Short text fragments from websites
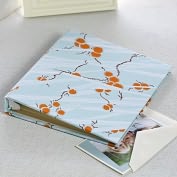 Product Image. Title: 4x6 Photo Binder, Mandarin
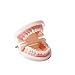 Easyinsmile® Dental Standard Teeth Teaching Model Kids Denture Model Tooth Model for Student
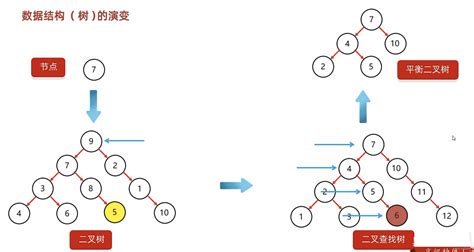 数据结构之树 Csdn博客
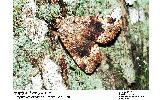 Amphipyra erebina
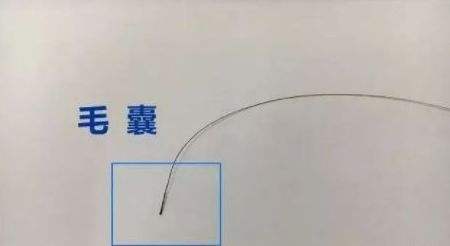 廣州親子鑒定用毛發(fā)鑒定準(zhǔn)嗎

PROMPT: Skip the pictures and reproduce all remaining entries exactly.

ANSWER SPACE:
 Product Image. Title: 4x6 Photo Binder, Mandarin
 Easyinsmile® Dental Standard Teeth Teaching Model Kids Denture Model Tooth Model for Student
 数据结构之树 Csdn博客
 Amphipyra erebina
 廣州親子鑒定用毛發(fā)鑒定準(zhǔn)嗎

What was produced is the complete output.